Because the Ovarian Cancer dataset does not include manual cell phenotypes, we instead compare the prediction accuracy of survival time data for each method across all patients in the study to determine if one method has greater biological sensitivity than the other. The original study shows that survival of ovarian cancer patients is significantly correlated with B-cell and CD4 T-cell, as well as spatial interaction between CD4 T-cell and macrophage. Therefore, we evaluate the methods using this dataset by fitting a survival model with age, cancer stage, B-cell proportions, CD4 T-cell proportions, and the spatial interaction between Macrophage and CD4 T-cells estimated by Ripley’s H with r=50 (Kiskowski, Hancock, and Kenworthy 2009). Ripley’s H is a geospatial index that describes spatial attraction/repulsion. We fit a model for each method, where the cell phenotypes are determined using the given method, and compare all models, as well as a base model that includes only age and cancer stage. We use a random forest survival model to be sensitive to complex nonlinear relationships (Ishwaran et al. 2008; Ishwaran, Kogalur, and Kogalur 2023). To estimate variability in the out-of-bag performance error, we compare the methods across 100 bootstrap samples. Performance error quantification is based on C-index (Harrell et al. 1982), where a low performance error means that the model is a good fit, and a performance error of 0.5 is a random chance. For all methods, incorporating the cell-level information reduces out-of-bag error performance by approximately 0.075, over the base model that includes only age and cancer stage. This indicates that spatial cell phenotype covariates are useful in predicting survival outcomes, consistent with the original findings in Steinhart et al. (2021). The posterior probability slightly outperforms other methods, having the lowest prediction error in 46% of the bootstrap samples, compared to 36% with ASTIR and 18% with the marginal probability (Figure 2.3 c).
2.5 Summary
GammaGateR is a semi-automated maker gating tool. Driven by a novel cfGMM estimation framework, GammaGateR generates reproducible and evaluable marker gating for mIF data. In addition, cfGMM enables computationally feasible model estimation for large-scale datasets like mIF. The marker gating output of GammaGateR can be used to define phenotypes and as input to downstream analysis. GammaGateR implements interactive visualization to quality check the clustering results (see vignette in Supplementary Material) and allows users to modify the constraints to improve model results when needed.

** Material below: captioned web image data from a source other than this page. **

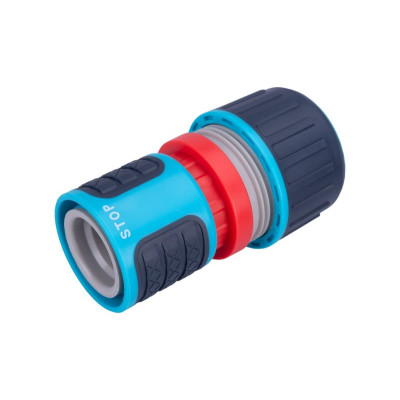 STOP Rýchlospojka AQUATIC na hadice 1/2” a 3/4”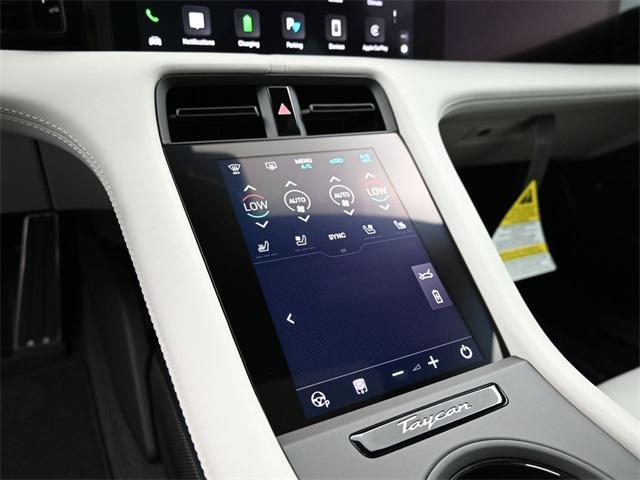 new 2025 Porsche Taycan car, priced at $180,235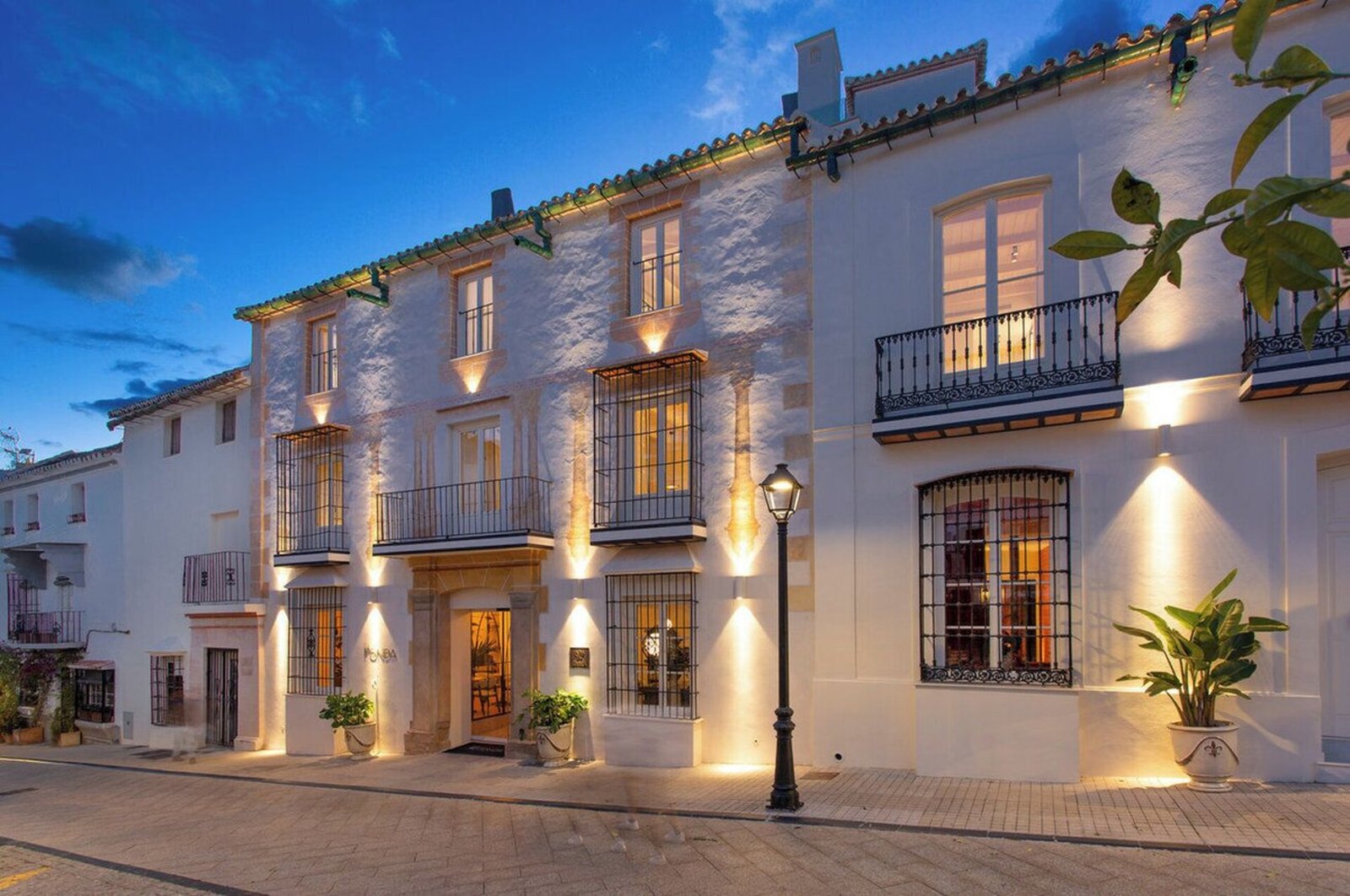 La Fonda Heritage Hotel, Relais & Châteaux, how it began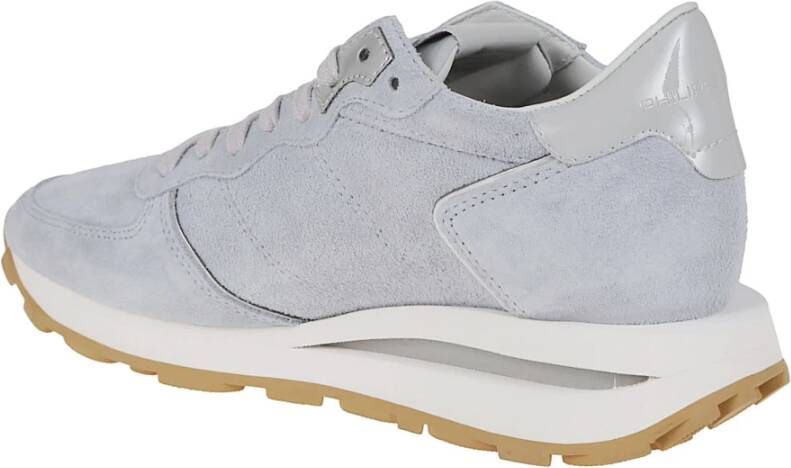 Philippe Model Grijze Sneakers voor Vrouwen Stijlvol Ontwerp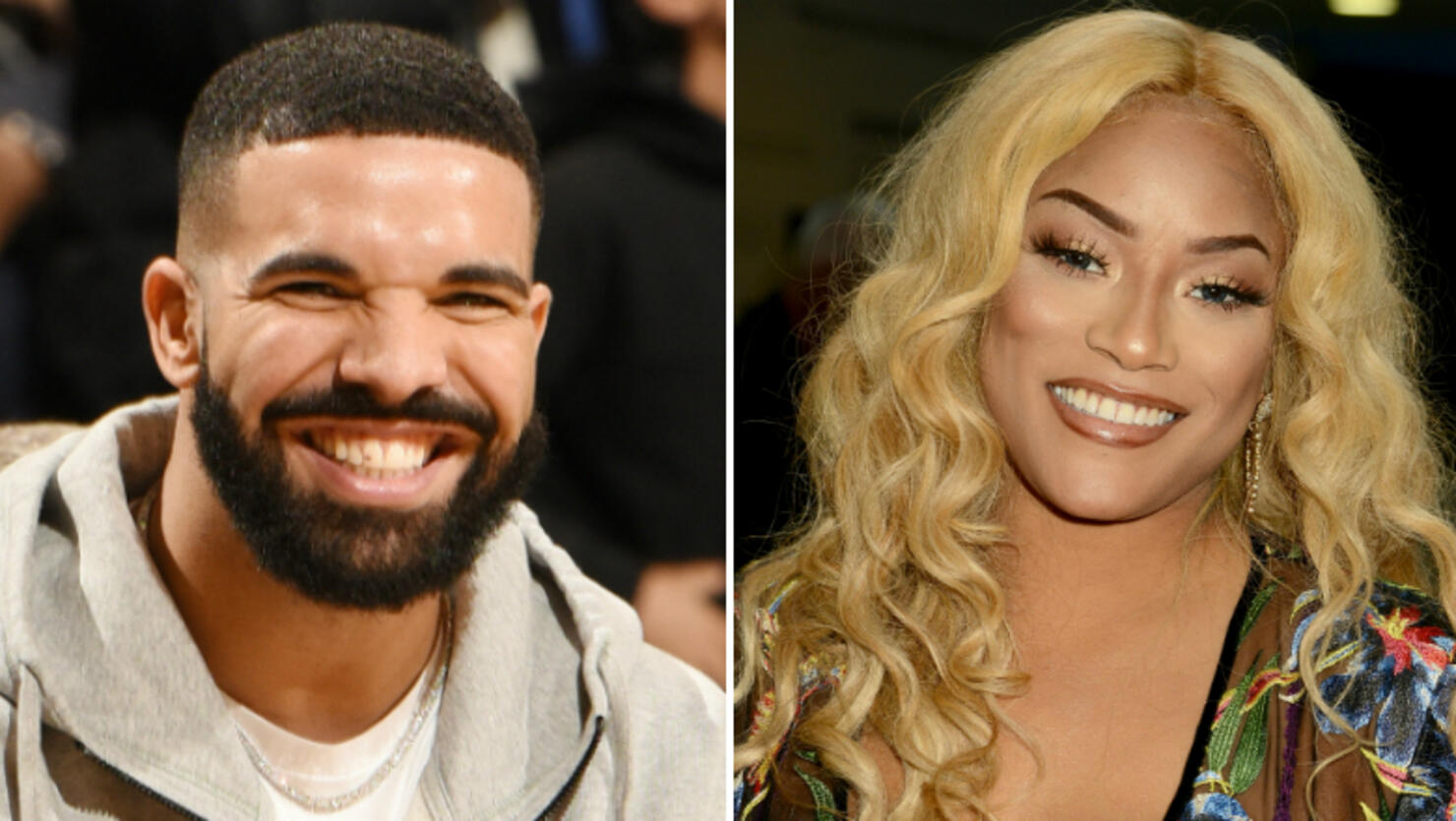 drake, stefflon don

Consequently, GammaGateR provides more consistent results with silver standard labels than ASTIR, the existing state-of-the-art method for automated phenotyping of cell-level mIF data. In the examples shown in this section, GammaGateR phenotypes had slightly improved ovarian cancer survival prediction accuracy compared to ASTIR. This paper also compares the posterior and the marginal probabilities returned by GammaGateR. The marginal probabilities only use the marker positive cell distribution to determine cell phenotypes, whereas the posterior probabilities take into account the distribution of the marker negative cells. Using posterior probabilities was almost always better indicating the importance of accounting for the full distribution of the marker intensities when identifying marker-positive cells.